This change, which vastly simplifies tracepoint.c, has been proposed by
Steven Rostedt. It also removes 8.8kB (mostly of text) to the vmlinux
size.
From this point on, the tracers need to pass a struct tracepoint pointer
to probe register/unregister. A probe can now only be connected to a
tracepoint that exists.

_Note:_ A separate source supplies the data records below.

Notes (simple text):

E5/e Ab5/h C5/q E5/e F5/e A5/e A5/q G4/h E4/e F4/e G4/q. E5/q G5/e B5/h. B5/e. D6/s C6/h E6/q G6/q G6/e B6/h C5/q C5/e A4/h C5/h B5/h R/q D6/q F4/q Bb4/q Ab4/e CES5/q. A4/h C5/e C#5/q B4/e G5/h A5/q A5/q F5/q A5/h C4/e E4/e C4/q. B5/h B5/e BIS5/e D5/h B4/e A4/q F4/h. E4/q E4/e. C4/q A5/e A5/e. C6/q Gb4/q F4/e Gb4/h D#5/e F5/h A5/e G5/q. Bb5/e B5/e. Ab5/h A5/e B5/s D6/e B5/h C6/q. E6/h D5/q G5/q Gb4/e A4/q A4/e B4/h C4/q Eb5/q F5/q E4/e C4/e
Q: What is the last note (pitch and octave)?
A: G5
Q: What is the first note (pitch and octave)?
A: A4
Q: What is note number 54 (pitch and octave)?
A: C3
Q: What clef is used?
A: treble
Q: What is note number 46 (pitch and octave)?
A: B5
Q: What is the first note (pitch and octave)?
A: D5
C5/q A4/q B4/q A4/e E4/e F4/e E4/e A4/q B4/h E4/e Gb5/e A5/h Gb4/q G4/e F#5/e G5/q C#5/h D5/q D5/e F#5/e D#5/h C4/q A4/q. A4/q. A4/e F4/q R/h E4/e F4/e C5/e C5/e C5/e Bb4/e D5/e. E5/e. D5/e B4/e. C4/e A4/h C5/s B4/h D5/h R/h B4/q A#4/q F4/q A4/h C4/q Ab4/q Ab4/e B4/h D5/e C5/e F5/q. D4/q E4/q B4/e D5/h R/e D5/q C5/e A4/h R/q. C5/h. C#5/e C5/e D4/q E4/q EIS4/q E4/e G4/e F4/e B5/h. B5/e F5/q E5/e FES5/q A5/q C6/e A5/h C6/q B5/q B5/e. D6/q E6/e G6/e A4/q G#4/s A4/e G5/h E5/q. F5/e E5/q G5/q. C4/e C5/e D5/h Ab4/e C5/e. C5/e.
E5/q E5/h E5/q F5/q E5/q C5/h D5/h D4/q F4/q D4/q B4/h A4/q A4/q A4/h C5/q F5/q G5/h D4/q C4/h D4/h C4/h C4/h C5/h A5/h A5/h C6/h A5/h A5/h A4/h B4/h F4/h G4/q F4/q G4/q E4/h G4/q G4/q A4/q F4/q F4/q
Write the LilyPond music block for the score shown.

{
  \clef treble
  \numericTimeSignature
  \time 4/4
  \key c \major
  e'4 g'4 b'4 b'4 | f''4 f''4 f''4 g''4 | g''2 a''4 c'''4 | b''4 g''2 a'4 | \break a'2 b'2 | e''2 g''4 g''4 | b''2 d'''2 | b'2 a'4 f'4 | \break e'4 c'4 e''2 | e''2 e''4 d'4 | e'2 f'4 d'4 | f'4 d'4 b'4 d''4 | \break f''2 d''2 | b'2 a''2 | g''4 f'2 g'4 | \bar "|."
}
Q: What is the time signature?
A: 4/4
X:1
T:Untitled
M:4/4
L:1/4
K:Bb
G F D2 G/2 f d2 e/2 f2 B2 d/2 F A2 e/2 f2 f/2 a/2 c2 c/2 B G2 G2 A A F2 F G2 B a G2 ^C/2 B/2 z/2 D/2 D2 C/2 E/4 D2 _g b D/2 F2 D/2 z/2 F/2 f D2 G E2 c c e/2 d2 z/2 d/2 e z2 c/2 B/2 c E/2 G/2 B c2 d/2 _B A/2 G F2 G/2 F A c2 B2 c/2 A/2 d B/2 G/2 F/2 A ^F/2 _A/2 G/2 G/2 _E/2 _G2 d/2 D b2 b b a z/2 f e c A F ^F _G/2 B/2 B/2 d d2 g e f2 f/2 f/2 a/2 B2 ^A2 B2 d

Moreover, tracers are responsible for
unregistering the probe before the module containing its associated
tracepoint is unloaded.
text data bss dec hex filename
10443444 4282528 10391552 25117524 17f4354 vmlinux.orig
10434930 4282848 10391552 25109330 17f2352 vmlinux
Link: http://lkml.kernel.org/r/1396992381-23785-2-git-send-email-mathieu.desnoyers@efficios.com
CC: Ingo Molnar <mingo@kernel.org>
CC: Frederic Weisbecker <fweisbec@gmail.com>
CC: Andrew Morton <akpm@linux-foundation.org>
CC: Frank Ch. Eigler <fche@redhat.com>
CC: Johannes Berg <johannes.berg@intel.com>
Signed-off-by: Mathieu Desnoyers <mathieu.desnoyers@efficios.com>
[ SDR - fixed return val in void func in tracepoint_module_going() ]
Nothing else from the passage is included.